Search and Destroy Missions

większość prac wykonywanych przez amerykańskie GIs polegała na misjach search and destroy, w których żołnierze, często zrzucani helikopterem, polowali na partyzantów Viet Cong lub bywalców NVA w celu ochrony wiosek i powolnej infiltracji. Wiele misji poszukiwawczych i niszczących miało miejsce w delcie Mekongu, gdzie łodzie patrolowe były używane jak helikoptery do dostarczania żołnierzy i przyciągania ognia wroga.

w Wietnamie było bardzo niewiele konwencjonalnych bitew, a znaczna część walk miała miejsce podczas misji search-and-destroy, w których Amerykańskie GIs często wpadały w zasadzkę partyzantów Wietkongu, którzy znaleźli wiele dobrych kryjówek w bujnych dżunglach, bagnach i wysokiej trawie, poruszali się swobodnie w nocy i często otrzymywali żywność i pomoc od miejscowych wieśniaków.
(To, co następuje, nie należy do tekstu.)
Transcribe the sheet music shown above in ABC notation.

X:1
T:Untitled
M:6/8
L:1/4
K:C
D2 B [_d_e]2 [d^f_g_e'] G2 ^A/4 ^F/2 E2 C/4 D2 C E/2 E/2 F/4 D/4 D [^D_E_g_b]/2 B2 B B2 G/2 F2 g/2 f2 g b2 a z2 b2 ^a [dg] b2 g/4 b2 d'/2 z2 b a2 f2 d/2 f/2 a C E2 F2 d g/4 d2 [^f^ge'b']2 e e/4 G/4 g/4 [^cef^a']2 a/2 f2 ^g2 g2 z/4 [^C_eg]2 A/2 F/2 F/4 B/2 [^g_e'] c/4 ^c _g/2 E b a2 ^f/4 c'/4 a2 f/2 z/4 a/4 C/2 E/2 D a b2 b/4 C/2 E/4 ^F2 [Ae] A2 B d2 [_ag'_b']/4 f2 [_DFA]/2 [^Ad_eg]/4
2 listopada 1962 roku David Halberstam napisał w magazynie New York Times: „niedawno amerykańscy i wietnamscy urzędnicy, próbując zmienić schemat wojny z północą, opracowali nową taktykę: Pomysł polegał na szybkim uderzeniu w serce gór, przeciwstawieniu się prawom wojny partyzanckiej (prawo mówi, że nie atakujesz wroga, chyba że masz przewagę 7 do 1, ale do cholery powinno to być bardziej jak 10 do 1), uderzeniu większej siły wroga z zaskoczenia, rozerwaniu go-i ucieczce jak diabli.”

amerykańskie jednostki były nieustannie nękane ogniem snajperów. Opisując atak snajpera, w 1967 roku, Tom Buckley napisał w „The New York Times”: „siesta zakończyła się brzęczeniem pocisków przechodzących blisko i pęknięciem odległych karabinów. Snajperzy!- ktoś krzyknął. Ludzie z oddziału przewrócili się ostrożnie. Zakładali hełmy i sięgali po karabiny. Z drugiej strony dużego domu krzyknął: Oddział podążał za dźwiękiem. Pochodził z chaty, która wyglądała, jakby miała się przewrócić. Dziecko, około 2-letnia dziewczynka, było mocno trzymane przez matkę. Była szczupłą, zmęczoną kobietą, boso … tutaj oczy były expressionless…In jej twarz była tylko intensywnym zmęczeniem.”

Dodaj komentarz

Twój adres e-mail nie zostanie opublikowany.